Notice that I would like to have a solution which goes to zero at the boundaries.

Could you please tell me where is the problem? I have the suspect that it is just a numerical issue but I am not sure about it.

Here is a zoom on the boundaries ( in particular on the region -12.5 < y < -11.5 ).

Answer 1

The loss of radial symmetry is related to the shape of the domain : it is a square, not a circle. Furthermore, since the dicrete Fourier transform is applied, the problem that is studied is the Poisson's equation on a square domain using periodic boundary conditions. Hence, the temperature near the boundaries may not decrease to zero.

This is the reason why the zero frequency, that is the average of the source term, is not used. If it were not the case, the stationnary heat equation could not be solved. Indeed, due to the periodic boundary conditions, the heat flux getting out on one side is getting in on the opposite side. As when the domain is perfectly insulated, the temperature would go up and never reach a stationnary solution.

To apply zero Dirichlet boundary solution, one of the sine transforms must be used instead of the Fourier transform. See for instance:

http://www.ds.ewi.tudelft.nl/vakken/in4049TU/sheets/lecture10.pdf

Here is an answer (of mine!) featuring a piece of code solving 2D Poisson's equation, zero Dirichlet boundary condition, by mean of sine transform of FFTW. It's c++, but translating it to c is straightforward.

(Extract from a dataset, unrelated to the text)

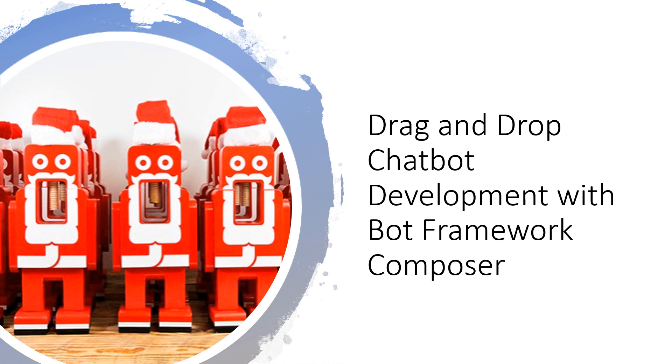Hey everybody, so in this session we are going to take a look at Bot Framework Composer and we'll see how we can use this designer to drag and drop your way through chatbot development.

fftw3 for poisson with dirichlet boundary condition for all side of computational domain

To recover something close to a radial symmetry, the support of the source must be far from the edges of the domain. The best solution might be to switch to a 1D radial equation, if you know that the domain, boundary conditions and the source term respect the radial symmetry.

Answer 2

I think one issue is here:

outd[Nh*N/2+N/2][0] = 0.; //Avoid singularity at k = 0

k=0 is at (0,0), not (N/2,N/2). This is how the DFT is defined. k runs from 0 to N-1. You are introducing a phase shift in the spatial domain. I don’t know how this affects your later computations. You are trying to center the spectrum by multiplying the input with pow(-1,i). This trick works only for even N!

If is better to compute your kx and ky properly:

for ( i = 0; i < N; i++ ) {
   kx[i] = ( i > N/2 ? i-N : i ) * 2*pi/N;
}

This will work for any N. Also note that my definition of k above corresponds to the radial frequency (ω), not the integer k of the DFT. It also differs from yours, I think (if so, yours is incorrect!).

The other issue is that the DFT is not the FT. The DFT is computed on a bounded spatial domain, which is presumed periodic. This domain is a square. It is hard to do rotationally symmetric things on a square grid. The Nyquist frequency (max possible frequency) is sqrt(2) times as high along the diagonal compared to the axes. And the period of the pattern is also sqrt(2) times as high along the diagonal. Thus, you get more aliasing along the axes, and your pattern is more likely to overlap itself along the axes.

If the above is causing the effect you’re seeing, try increasing the size of your spatial domain, and/or the sampling density.